:: EXERCISE AIM ::
Please set down the lines of the listing exactly, from its first line to the line with "九年级数学下学期第一次模拟试卷答案 041715_第3页", leaving the pictures out.
MATERIAL FOR THIS EXERCISE START
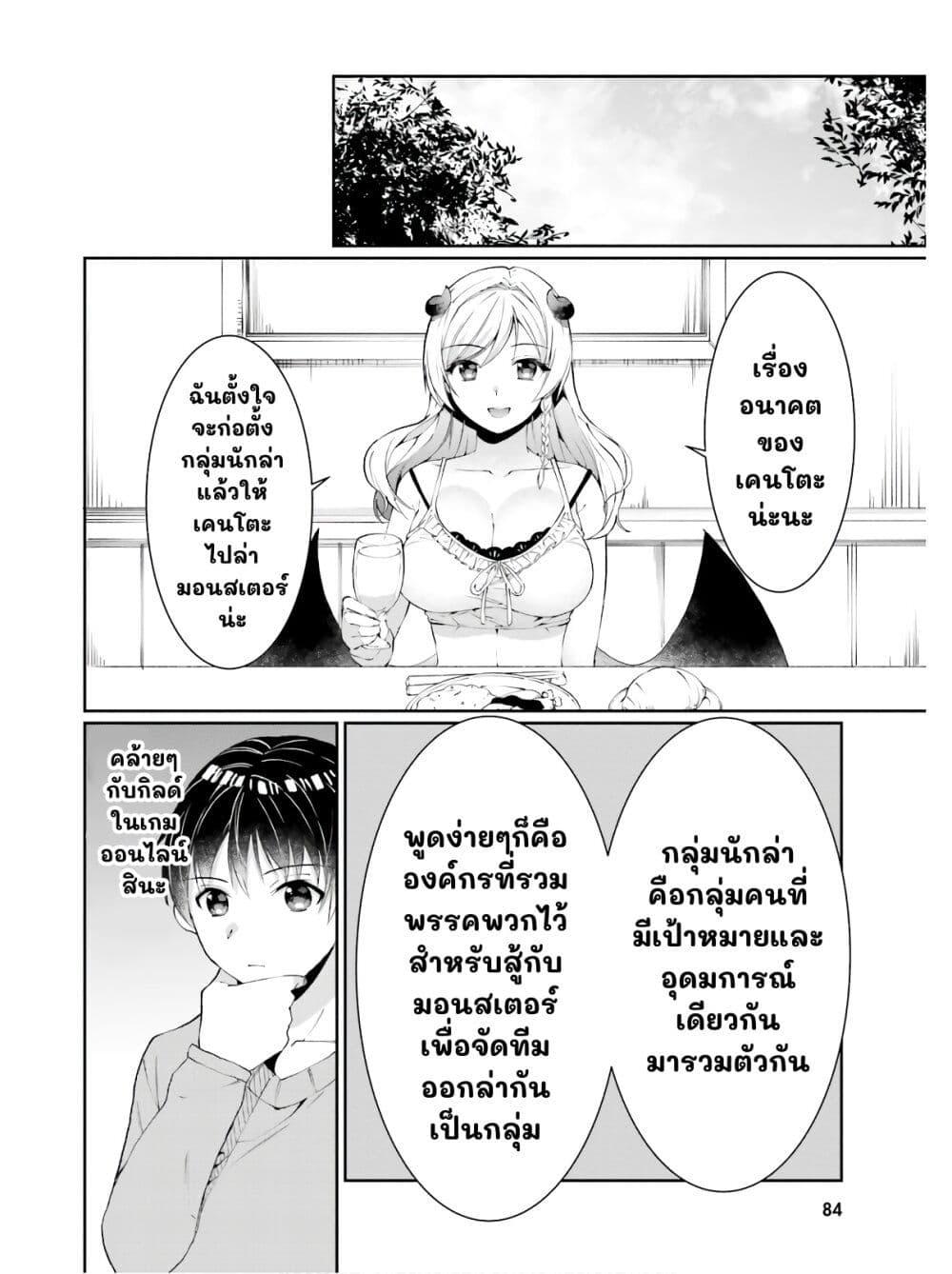 Manga-lc-com อ่านมังงะ อ่านการ์ตูน ออนไลน์ ฟรี Neta Chara Kari Play no Tsumori ga Isekai Shoukan ตอนที่ 1 2 3 4 5 6 7 8 9 10 11 12 13 14 ฟรี ไม่มีโฆษณา Manga-lc - อ่าน มังงะ อ่าน การ์ตูน ออนไลน์ อ่านมังงะ ฟรี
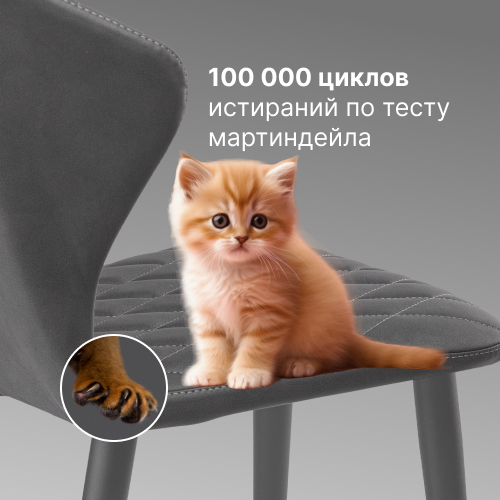 преимущество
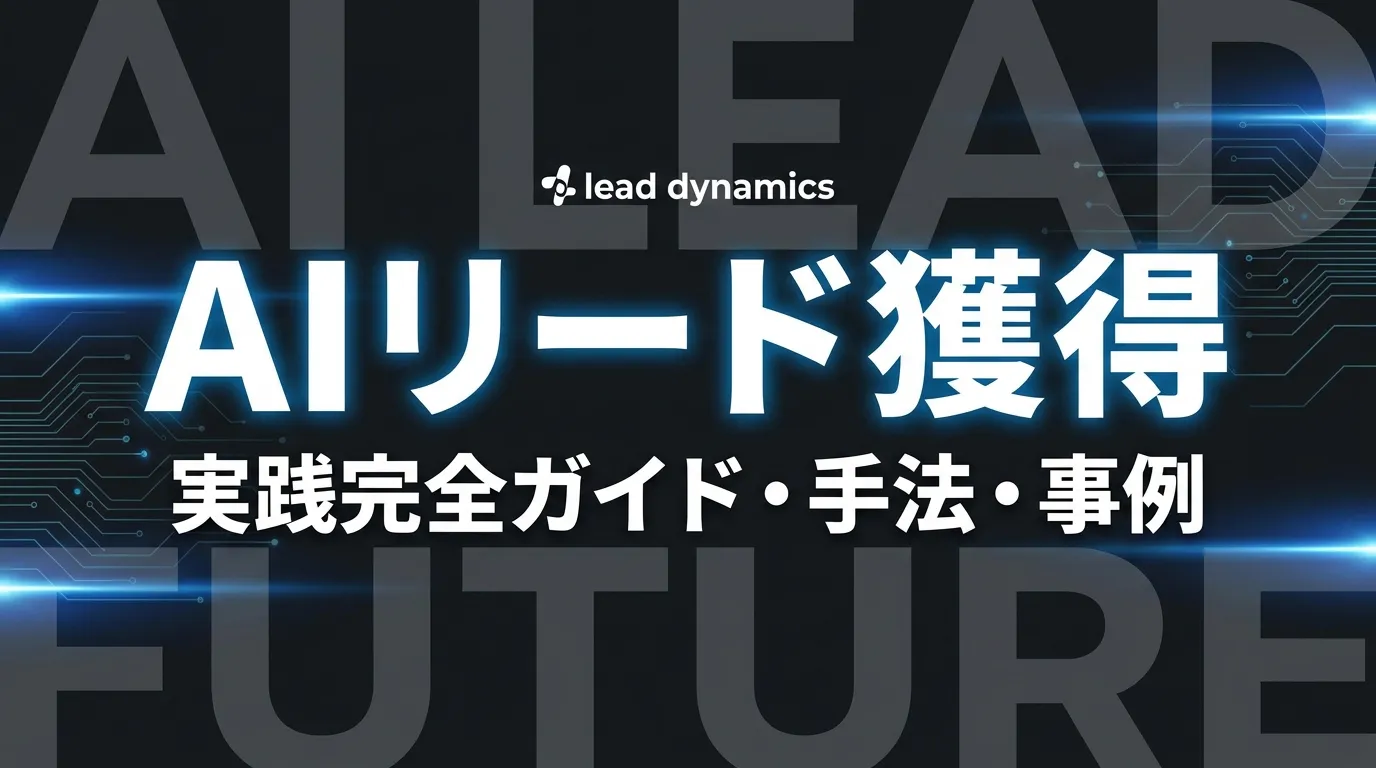 AIリードとは？AIによるリード獲得・育成の実践完全ガイド【2026年最新】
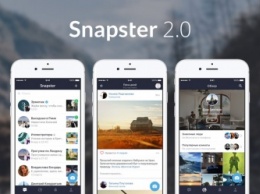 «ВКонтакте» выпустила большое обновление фотоприложения Snapster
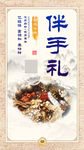 汤料标签
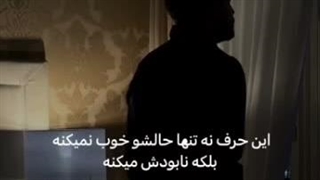 چهار جمله ی نابود کننده ی شوهر
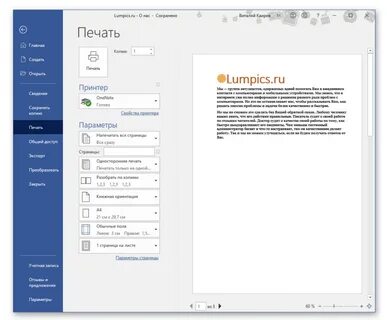 Как распечатать проект на принтере с компьютера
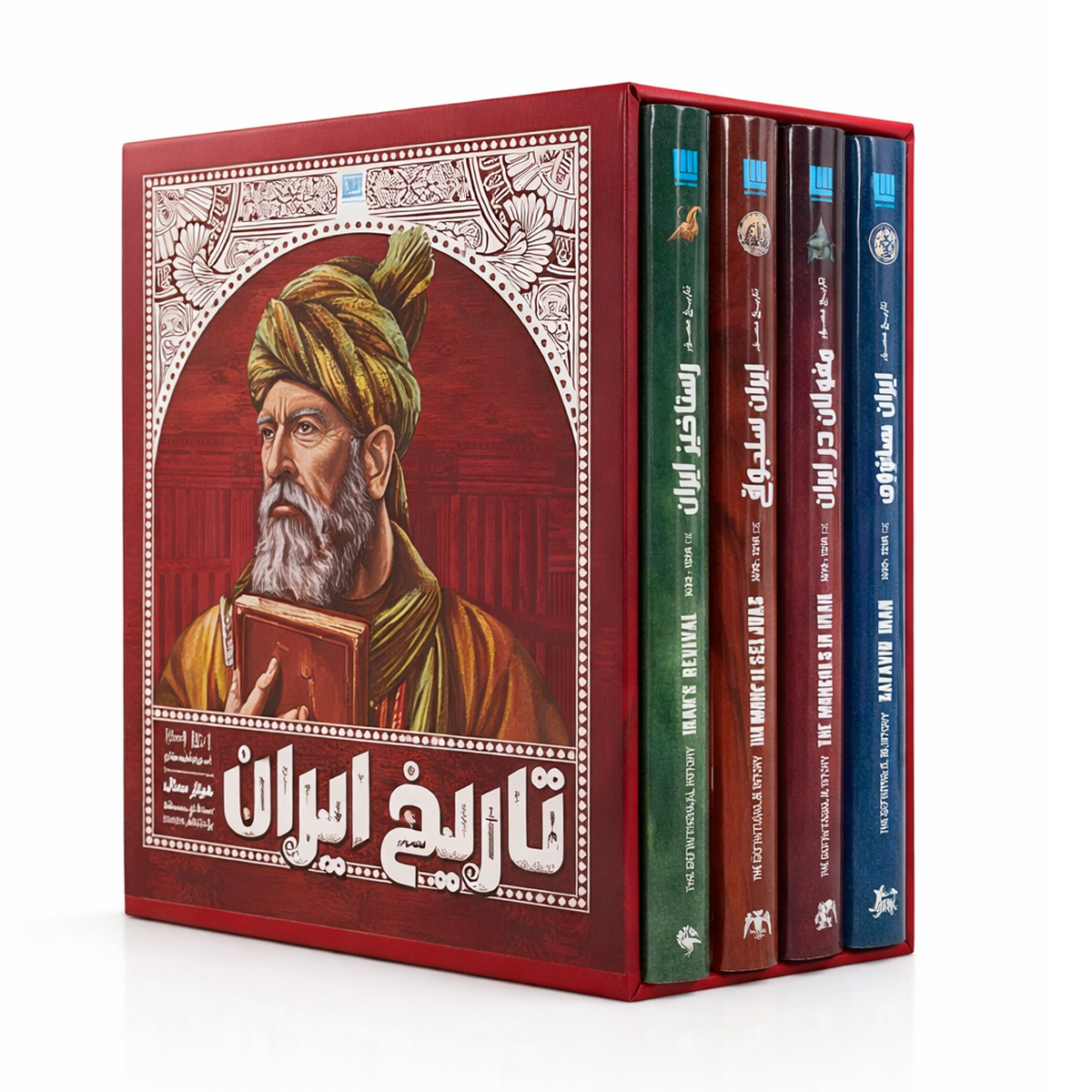 کتاب تاریخ مصور ایران (جلد ۵ تا ۸) از سقوط ساسانیان تا پایان صفویان نشر سایان کتاب تاریخ مصور ایران (جلد ۵ تا ۸) از سقوط ساسانیان تا پایان صفویان نشر سایان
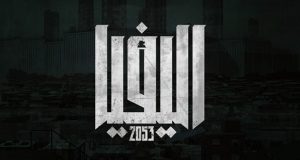 اليفيا 2053.. فيلم انيماشن باللغة العربية وهو الأول من نوعه في لبنان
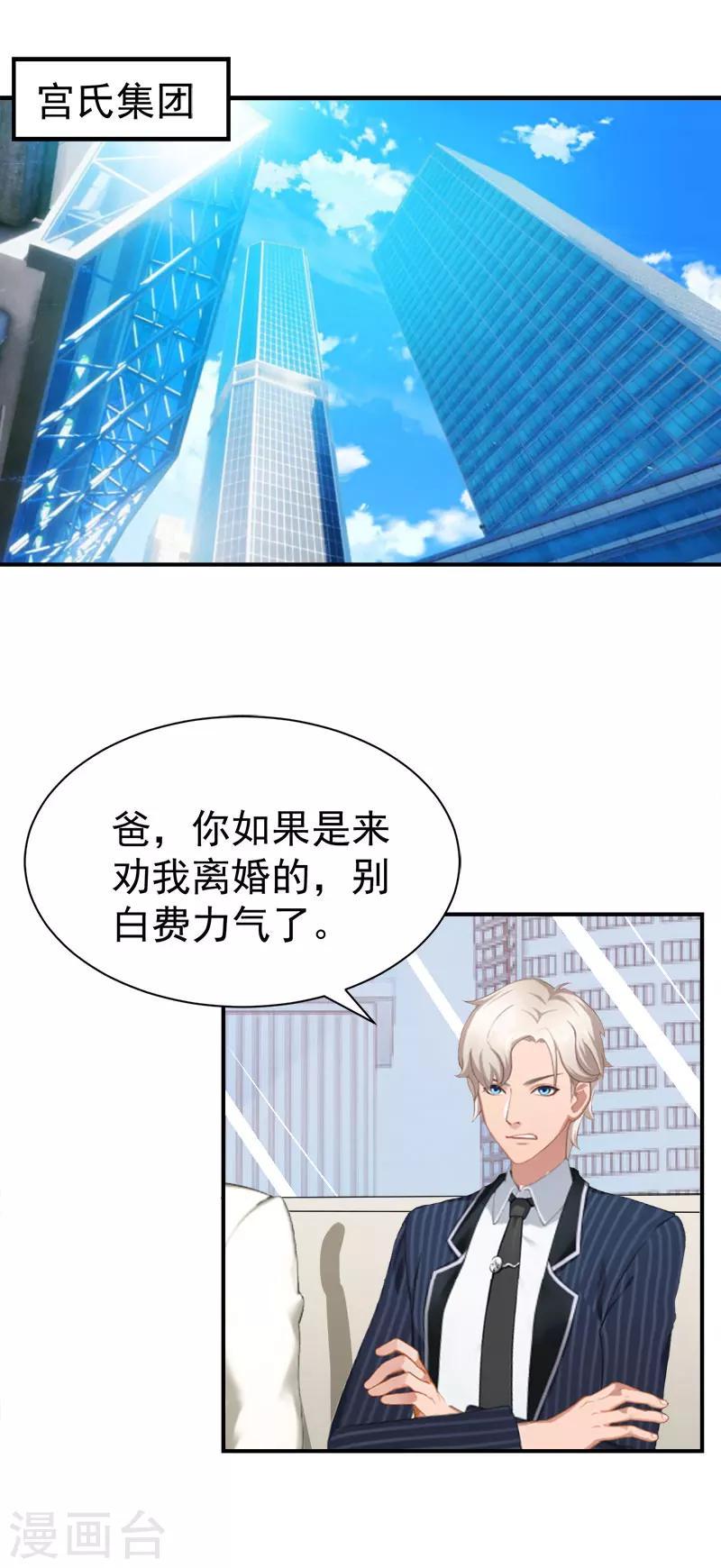 第31话 我要离婚1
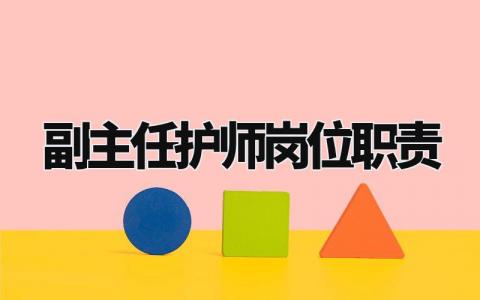 副主任护师岗位职责是什么 副主任护师岗位职责和履职要求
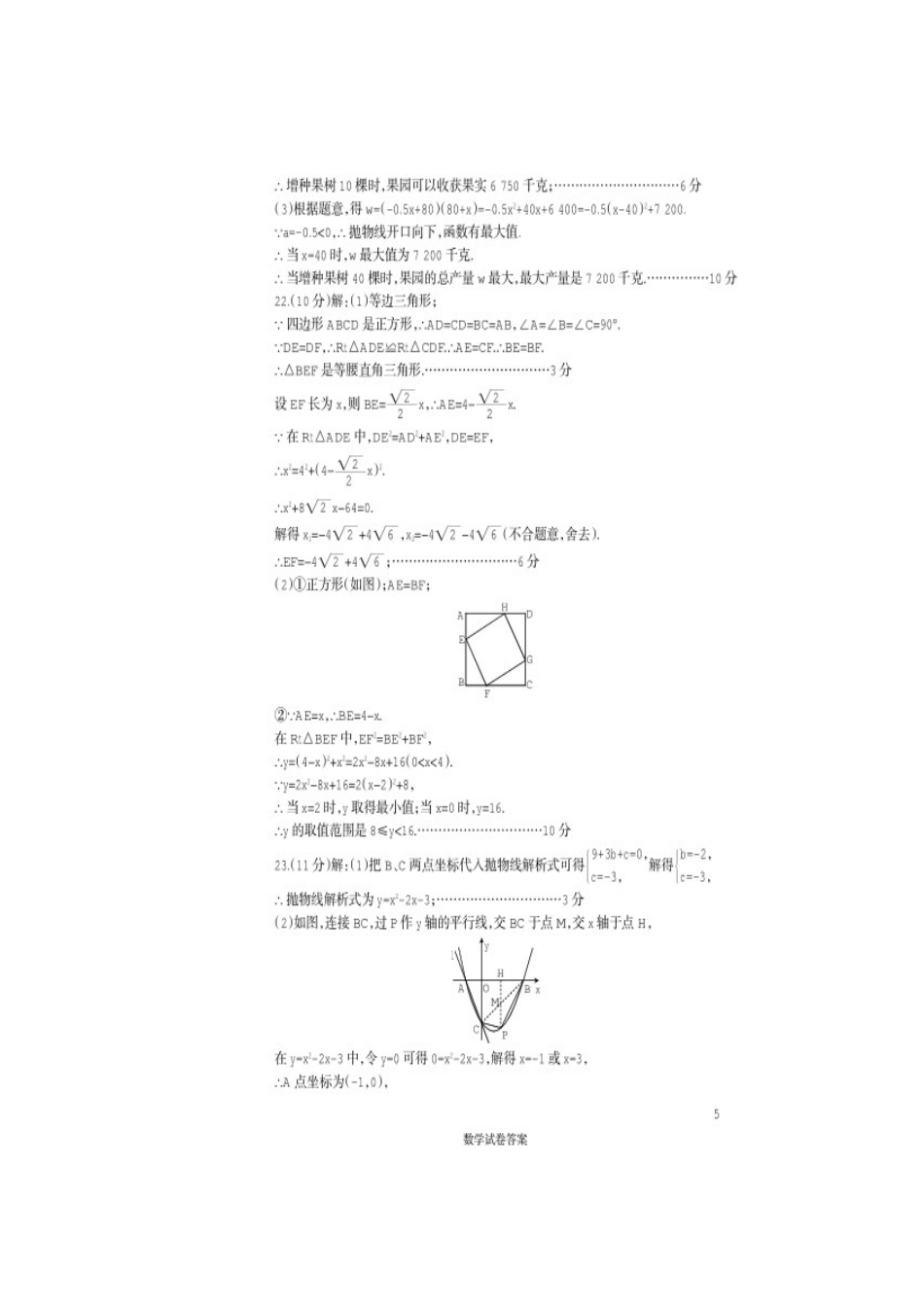 九年级数学下学期第一次模拟试卷答案 041715_第3页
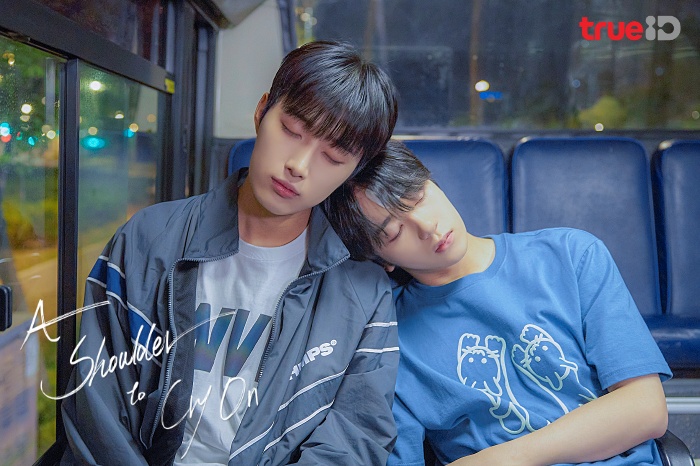 ซีรี่ย์วาย ไหล่นาย ที่พักใจของฉัน A Shoulder to Cry On พากย์ไทย EP.1-7 จบ | EP.04 ไหล่นาย = ที่พักใจของฉัน A Shoulder to Cry On พากย์ไทย | Full HD 1080p ซีรี่ย์วาย ไหล่นาย ที่พักใจของฉัน A Shoulder to Cry On พากย์ไทย EP.1-7 จบ EP.04 ไหล่นาย = ที่พักใจของฉัน A Shoulder to Cry On พากย์ไทย | ดูซีรี่ย์ออนไลน์ HD พากย์ไทย ซับไทย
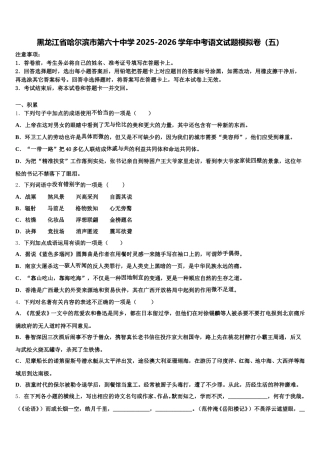 黑龙江省哈尔滨市第六十中学2025-2026学年中考语文试题模拟卷（五）含解析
MATERIAL FOR THIS EXERCISE END
:: RESPONSE AREA ::
 Manga-lc-com อ่านมังงะ อ่านการ์ตูน ออนไลน์ ฟรี Neta Chara Kari Play no Tsumori ga Isekai Shoukan ตอนที่ 1 2 3 4 5 6 7 8 9 10 11 12 13 14 ฟรี ไม่มีโฆษณา Manga-lc - อ่าน มังงะ อ่าน การ์ตูน ออนไลน์ อ่านมังงะ ฟรี
 преимущество
 AIリードとは？AIによるリード獲得・育成の実践完全ガイド【2026年最新】
 «ВКонтакте» выпустила большое обновление фотоприложения Snapster
 汤料标签
 چهار جمله ی نابود کننده ی شوهر
 Как распечатать проект на принтере с компьютера
 کتاب تاریخ مصور ایران (جلد ۵ تا ۸) از سقوط ساسانیان تا پایان صفویان نشر سایان کتاب تاریخ مصور ایران (جلد ۵ تا ۸) از سقوط ساسانیان تا پایان صفویان نشر سایان
 اليفيا 2053.. فيلم انيماشن باللغة العربية وهو الأول من نوعه في لبنان
 第31话 我要离婚1
 副主任护师岗位职责是什么 副主任护师岗位职责和履职要求
 九年级数学下学期第一次模拟试卷答案 041715_第3页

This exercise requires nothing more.